→ WORK TO BE COMPLETED:
Any picture in the range stays out of the copy; retype exactly the lines from the one with "Pumpkins & Friends" to the end of the listing.

→ COLLECTED DATA:
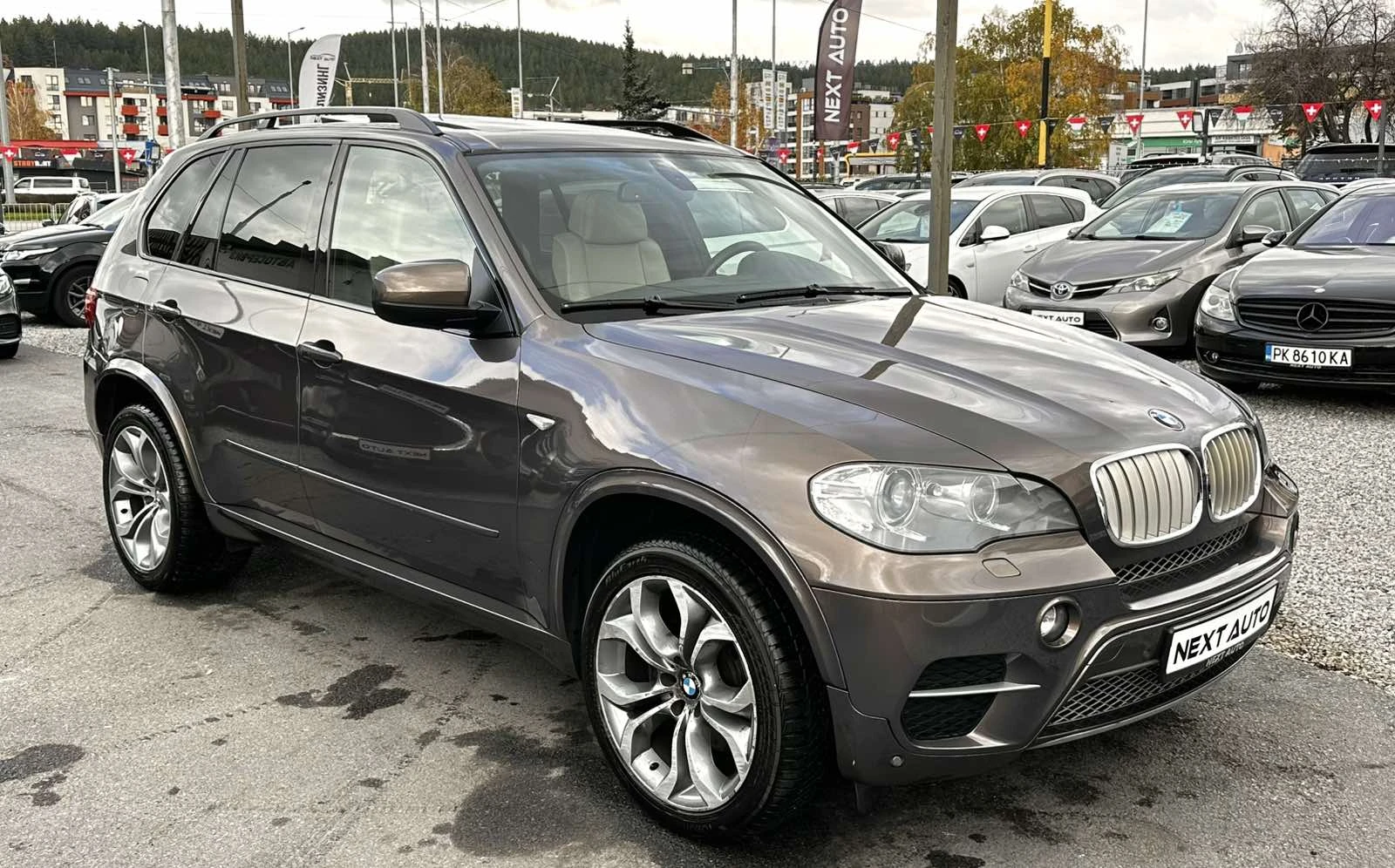 BMW X5 3.0D 306HP 184, 000KM PANO CAMERA - изображение 3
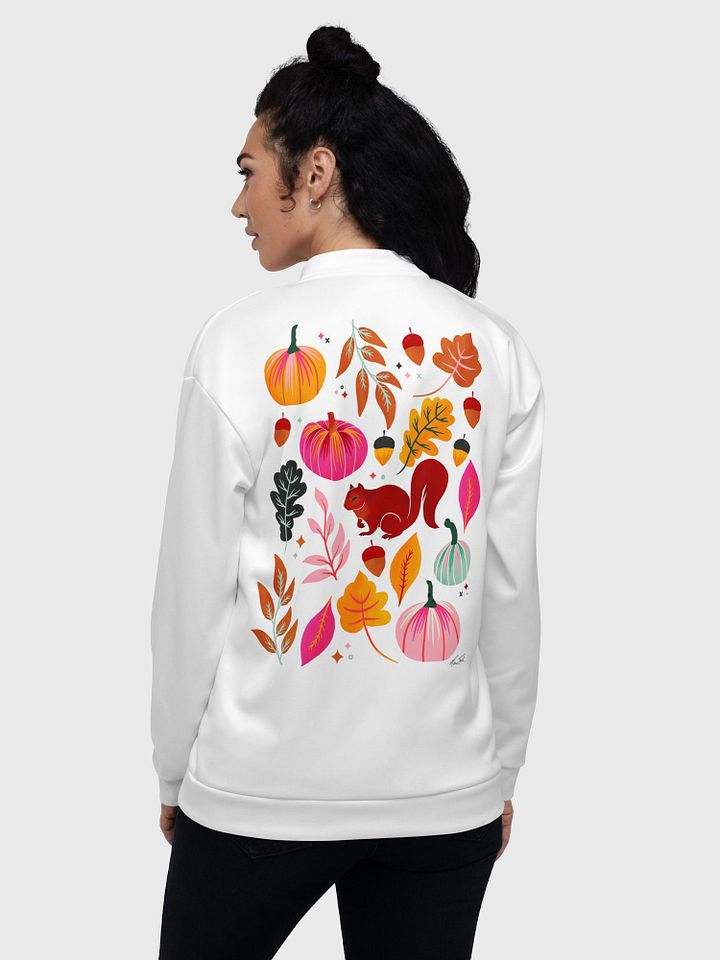 Pumpkins & Friends • Unisex Bomber Jacket product image (2)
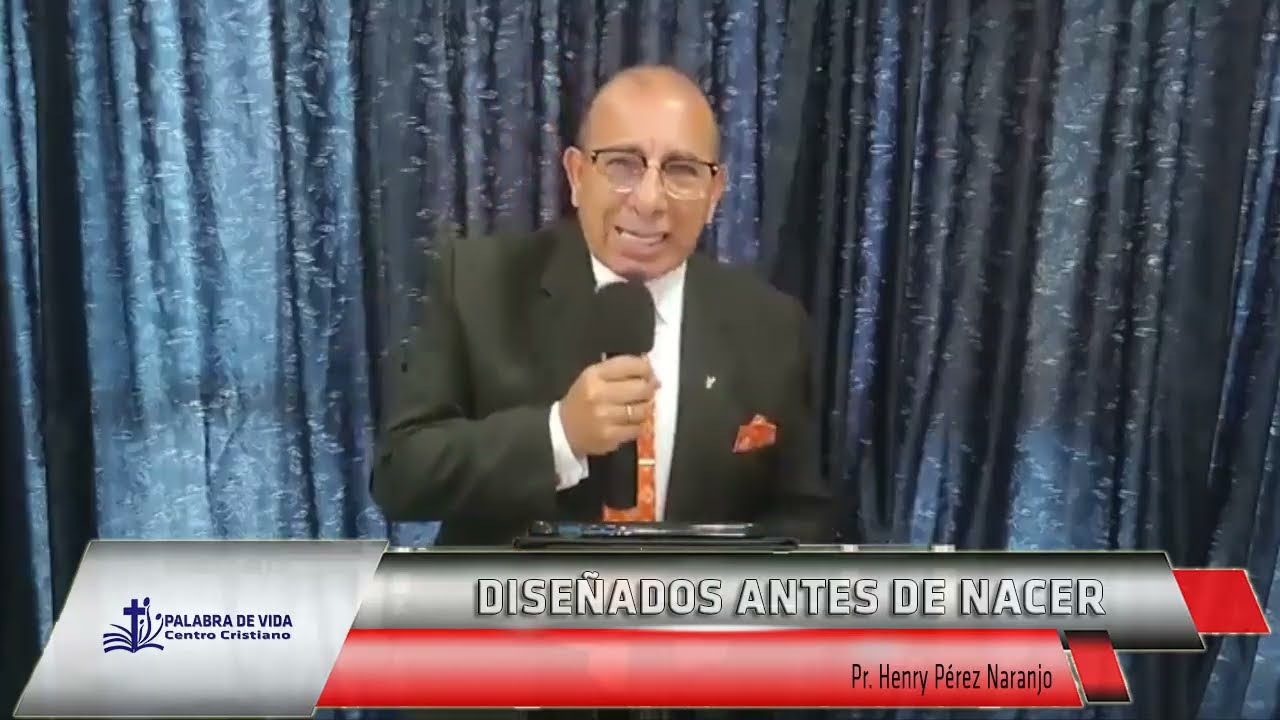 𝟭- 𝘿𝙄𝙎𝙀𝙉̃𝘼𝘿𝙊𝙎 𝘼𝙉𝙏𝙀𝙎 𝘿𝙀 𝙉𝘼𝘾𝙀𝙍 —Pr. Henry Pérez Naranjo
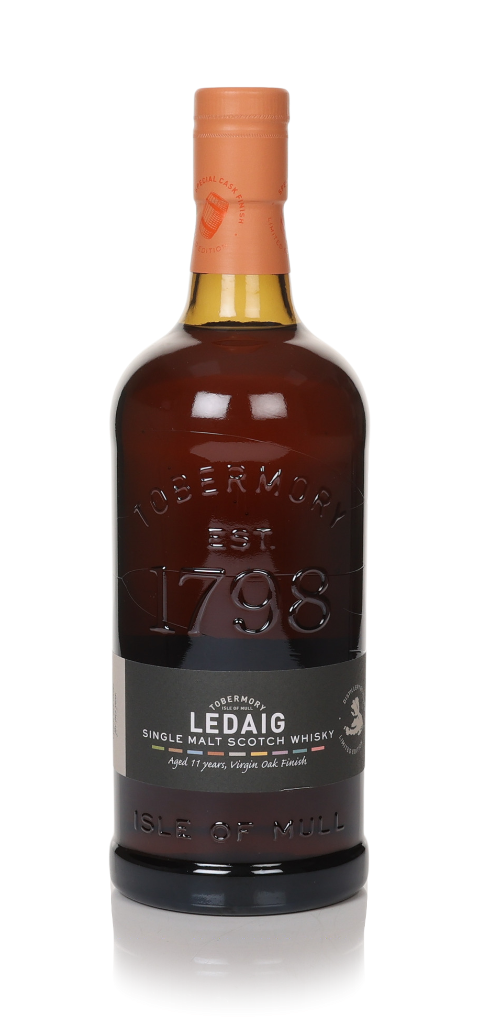 Ledaig 11 Year Old 2010 Virgin Oak Cask Finish 70cl product image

→ FINISHED TASK:
 Pumpkins & Friends • Unisex Bomber Jacket product image (2)
 𝟭- 𝘿𝙄𝙎𝙀𝙉̃𝘼𝘿𝙊𝙎 𝘼𝙉𝙏𝙀𝙎 𝘿𝙀 𝙉𝘼𝘾𝙀𝙍 —Pr. Henry Pérez Naranjo
 Ledaig 11 Year Old 2010 Virgin Oak Cask Finish 70cl product image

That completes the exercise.